------ DATA LISTING
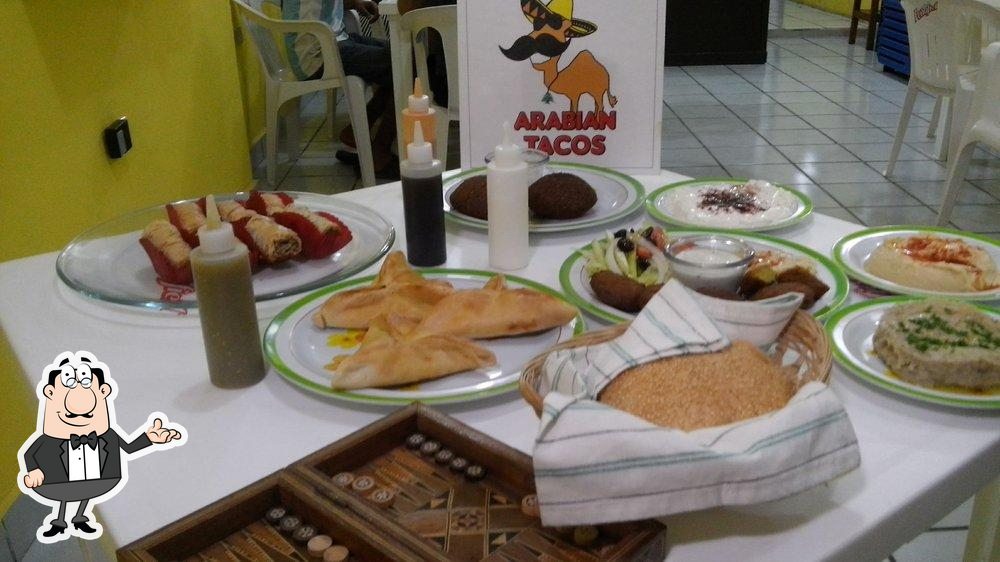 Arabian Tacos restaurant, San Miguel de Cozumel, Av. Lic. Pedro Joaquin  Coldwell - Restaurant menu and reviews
------------
------ DATA LISTING
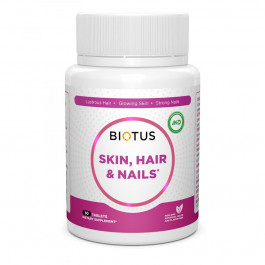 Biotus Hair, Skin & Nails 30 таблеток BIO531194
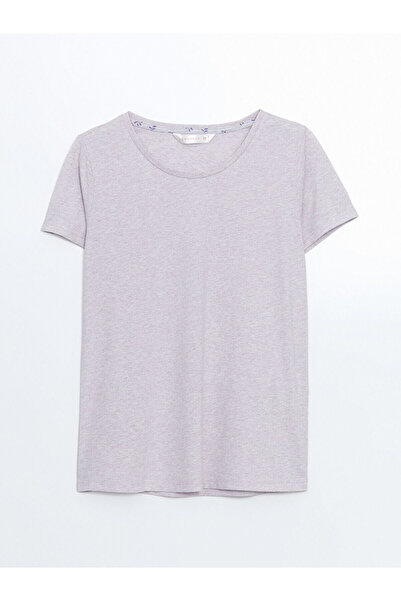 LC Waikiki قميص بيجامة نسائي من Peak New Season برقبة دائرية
------------
### WHAT TO DO
Beginning at the line above that contains "Biotus Hair, Skin", repeat each line exactly through the one that contains "LC Waikiki قميص", and leave out the pictures.

### SOLVED PROBLEM
 Biotus Hair, Skin & Nails 30 таблеток BIO531194
 LC Waikiki قميص بيجامة نسائي من Peak New Season برقبة دائرية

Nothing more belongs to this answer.